Sebelum terjadinya pengalihan kiblat, sebenarnya
beliau sendiri berharap dan menginginkan hal itu terjadi, bahkan menurut satu
riwayat ketika Rasulullah SAW mengharapkan turunnya wahyu untuk pengalihan
kiblat, beliau melakukan negosiasi dengan Jibril dan selalu menengadahkan
wajahnya ke langit dengan harapan keinginan beliau dapat dikabulkan oleh sang Khaliq.
Pristiwa diabadikan dalam al-Qur’an surat al-Baqarah ayat 144, yaitu sebagai
berikut:
قَدْ نَرى تَقَلُّبَ وَجْهِكَ فِي السَّماءِ فَلَنُوَلِّيَنَّكَ قِبْلَةً
تَرْضاها فَوَلِّ وَجْهَكَ شَطْرَ الْمَسْجِدِ الْحَرامِ وَحَيْثُ ما كُنْتُمْ
فَوَلُّوا وُجُوهَكُمْ شَطْرَهُ وَإِنَّ الَّذِينَ أُوتُوا الْكِتابَ
لَيَعْلَمُونَ أَنَّهُ الْحَقُّ مِنْ رَبِّهِمْ وَمَا اللَّهُ بِغافِلٍ عَمَّا
يَعْمَلُونَ
Artinya: “Sungguh, Kami melihat wajahmu (Nabi Muhammad)

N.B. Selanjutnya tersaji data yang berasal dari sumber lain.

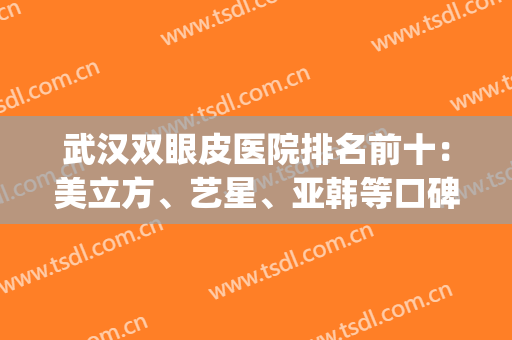 武汉双眼皮医院排名前十：美立方、艺星、亚韩等口碑占上风！(武汉亚韩双眼皮最好的医生)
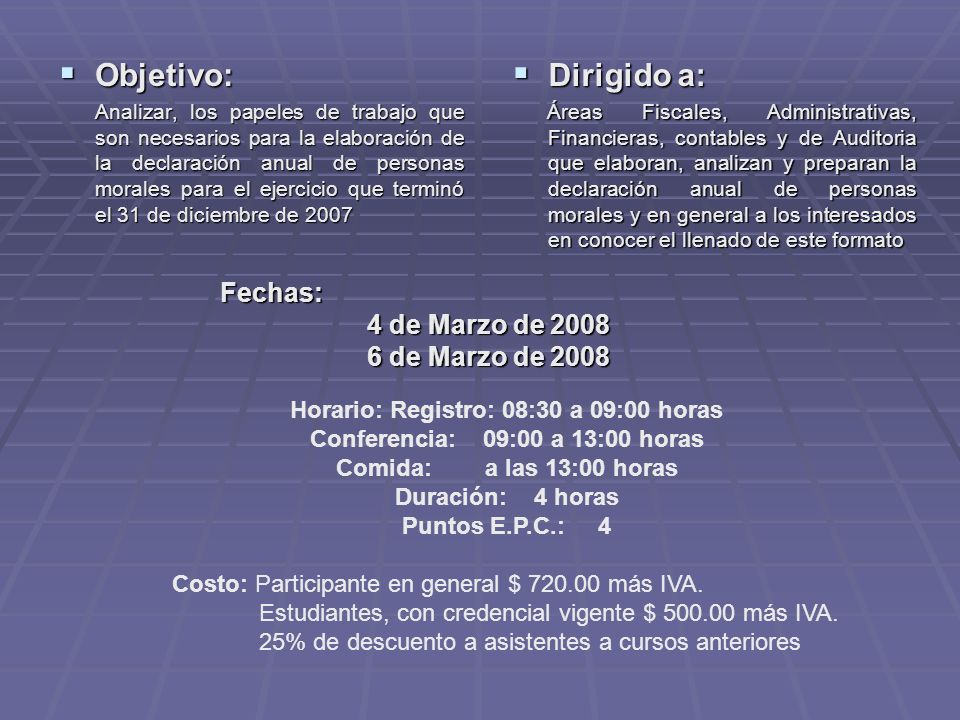 Objetivo: Dirigido a: Fechas: 4 de Marzo de de Marzo de 2008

sering menengadah ke langit. Maka, pasti akan Kami palingkan engkau ke kiblat
yang engkau sukai. Lalu, hadapkanlah wajahmu ke arah Masjidilharam. Di mana pun
kamu sekalian berada, hadapkanlah wajahmu ke arah itu. Sesungguhnya orang-orang
yang diberi kitab benar-benar mengetahui bahwa (pemindahan kiblat ke
Masjidilharam) itu adalah kebenaran dari Tuhan mereka. Allah tidak lengah terhadap
apa yang mereka kerjakan”.
Dalam kitab Rawai’ al-Bayan Tafsir Ayat
al-Ahkam Min al-Qur’an karangan Muhammad Ali al-Shabuni, dijelaskan bahwa
ada empat faktor yang menyebabkan Nabi sangat menginginkan untuk menghadap ke
Ka’bah dan tidak lagi menghadap ke Baitil Maqdis, yaitu sebagai berikut:
1. Agar berbeda dengan kaum Yahudi
Kaum yahudi ketika melakukan sebuah ritual ibadah, mereka menghadap ke
Baitil Maqdis sebagai kiblatnya mereka. Bahkan mereka tidak segan-segan
mengejek dan mengolok-olok Nabi Muhammad ketika mengerjakan shalat namun harus
menghadap ke Baitil Maqdis pula. Yaitu dengan melontarkan ucapan “Muhammad
menyalahi kita, sedangkan ia sendiri masih mengikut kiblat kita, seandainya
bukan karena kita, ia tidak tahu ke mana harus menghadap ketika ia melakukan ibadah”.
Sebuah perkataan yang menyakiti Nabi dan mendorong beliau menginginkan
pengalihan kiblat.
2. Ka’bah adalah kiblatnya Nabi Ibrahim
Nabi Ibrahim adalah bapak keturunan dari Nabi Muhammad Saw, risalah yang
diemban beliau adalah risalah Nabi Ibrahim, sehingga beliau ingin mengembalikan
arah kiblat sama seperti arah kiblat pada masa kerasulan Nabi Ibrahim.
3. Untuk memikat orang arab agar masuk Islam
4. Nabi menginginkan menghadap kiblat pada tanah
kelahiran dan tempat tinggalnya, yaitu Ka’bah.
Refrensi:
Muhammad Ali al-Shabuni, Rawai’ al-Bayan Tafsir Ayat al-Ahkam Min
al-Qur’an, Jld. 1, Cet.Ke-3 (Damaskus: Maktabah al-Ghazali, 1980), h. 122.